INTRODUCTION: The story’s told that a couple retired from up North and moved into one of the many retirement communities in our area. One morning, the husband was sitting on their lanai eating breakfast and reading the newspaper. He looked up and saw his wife hustling about their place, seemingly keeping all the appliances in the house going at one time. Feeling a warm tingle of love and appreciation towards her, he said: "Dear, I'm so proud of you." With all the appliances running, she couldn't make out what he said. She shouted back, “What did you say?" He shouted, "I'm proud of you." She snapped back, "Well, I'm tired of you, too."

            Which is to say, we human beings don’t always hear the positive phrases being shouted...the affirmations being uttered. We may not understand that loose in the cosmos is a whisper reverberating through galaxies and from planet to planet. It’s automatically translated, no matter our tongue. It’s this:

As you walk the road of life and travel down life’s highway, know that every effort great or small to do good…every bit of energy expended to go about life in a caring and responsible way…that is affirmed by the Universe. And faith, whatever the form it comes in, is about developing the sensitivity to hear it, to know it, and to believe it.
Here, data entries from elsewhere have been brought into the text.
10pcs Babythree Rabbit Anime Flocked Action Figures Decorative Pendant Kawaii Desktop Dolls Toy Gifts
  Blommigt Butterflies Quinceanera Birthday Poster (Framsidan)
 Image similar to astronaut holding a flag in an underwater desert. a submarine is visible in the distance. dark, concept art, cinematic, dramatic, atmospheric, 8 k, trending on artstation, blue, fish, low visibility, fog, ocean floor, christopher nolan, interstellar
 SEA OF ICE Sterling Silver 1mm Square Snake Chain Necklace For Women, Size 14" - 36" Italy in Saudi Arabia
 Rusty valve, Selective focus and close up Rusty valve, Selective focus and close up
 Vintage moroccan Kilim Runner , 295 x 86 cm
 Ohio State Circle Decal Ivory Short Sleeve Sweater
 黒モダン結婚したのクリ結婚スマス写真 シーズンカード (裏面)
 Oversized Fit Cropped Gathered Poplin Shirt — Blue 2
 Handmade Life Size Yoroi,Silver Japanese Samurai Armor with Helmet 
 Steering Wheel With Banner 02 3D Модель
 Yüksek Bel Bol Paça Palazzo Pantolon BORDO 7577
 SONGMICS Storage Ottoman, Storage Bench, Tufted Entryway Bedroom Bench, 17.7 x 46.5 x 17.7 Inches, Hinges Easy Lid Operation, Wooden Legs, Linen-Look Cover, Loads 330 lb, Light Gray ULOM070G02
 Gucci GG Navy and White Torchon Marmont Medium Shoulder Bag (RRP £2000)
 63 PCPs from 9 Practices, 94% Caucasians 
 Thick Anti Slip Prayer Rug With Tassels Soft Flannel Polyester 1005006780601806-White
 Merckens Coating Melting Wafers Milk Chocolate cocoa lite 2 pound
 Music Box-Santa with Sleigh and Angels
When you are smacked down, be aware that built into your DNA is a genetic capacity to stand back up again. When you suffer an outrage in which your worth as a human being is diminished, know this: there is a lock box inside of you, to which faith has the key: In that lock box, it says you are one in a million! When you feel inadequate, despondent, or incapable, there’s a script written on the tablets of your mind, that proclaims you are more than adequate and more than capable…that you are suffering only a temporary setback.

Listen up: a universal yes” has been whispered in your ear.  No one had to be humiliated by public execution…no one had to bleed to death to save you. No, you carry in you the voice of ages…eons of evolution. Species by species…one by one…over millions and millions…even billions of years, we have arrived at this good day. We stand at the portals of promise…we’re perched on the edge of infinity…awaiting the next good thing that will come our way. That’s the message of faith.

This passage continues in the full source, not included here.